There have been incidents where cases have been pressed through the courts after the attorney was granted withdrawal based on an Anders brief, and the defendant has gone on to prevail. The Court of Appeals of Ohio reversed a conviction in State v. Wilkinson, and in State v. Kerby the court determined that there was a potential issue as to the voluntariness of the confession, appointed new counsel to argue it, and ultimately threw out the defendant's conviction.

==States abandoning Anders==
According to an article in the Florida State University Law Review, some states have abandoned the Anders procedure for other means to review appellate cases where the attorney claims no non-frivolous grounds.

For example, Idaho does not permit the attorney to withdraw from the case. The attorney, though, can still file an Anders brief (in terms of arguing that there are no non-frivolous grounds for appeal), but the courts do not then independently review the record for error, the argument being that Anders does not trigger the court to do so unless the attorney moves to withdraw, which Idaho has chosen not to permit. New Hampshire also does not permit withdrawal, but specifically exempts a potentially frivolous appeal from being subject to attorney sanctions.

North Dakota has taken a different approach: it allows an attorney to withdraw but then assigns a different attorney to the case so the defendant has counsel if desired.

California no longer requires the attorney to withdraw. Now she or he may submit a "Wende Brief", named after the case in which the procedure was approved.

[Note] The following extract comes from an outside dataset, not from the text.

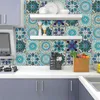 Wallpapers Self-adhesive Wallpaper Stitching Small Floral Stickers Home Renovation Kitchen And Bathroom Decoration Waterproof Wall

==States expanding Anders==
Though Anders itself applies only to criminal proceedings, at some states have expanded its holding to include other types of cases. The Arkansas Supreme Court has applied Anders to family law cases involving termination of parental rights and to adult protective custody cases, and by its own rules to juvenile delinquency and involuntary commitment cases. The Connecticut Supreme Court has similarly applied Anders where appellate counsel is appointed for indigent parents whose parental rights have been terminated.

Illinois also permits an Anders brief in any case where a party has a right to appointed counsel, including proceedings for involuntary commitment, juvenile abuse and neglect, or termination of parental rights. Furthermore, in Illinois, an Anders brief "must identify at least one potentially justiciable issue" on appeal and cannot argue that there are no grounds, even if frivolous or without merit, to support an appeal.

The South Carolina Supreme Court also expanded Anders to post-conviction relief proceedings, which the United States Supreme Court has held is not required.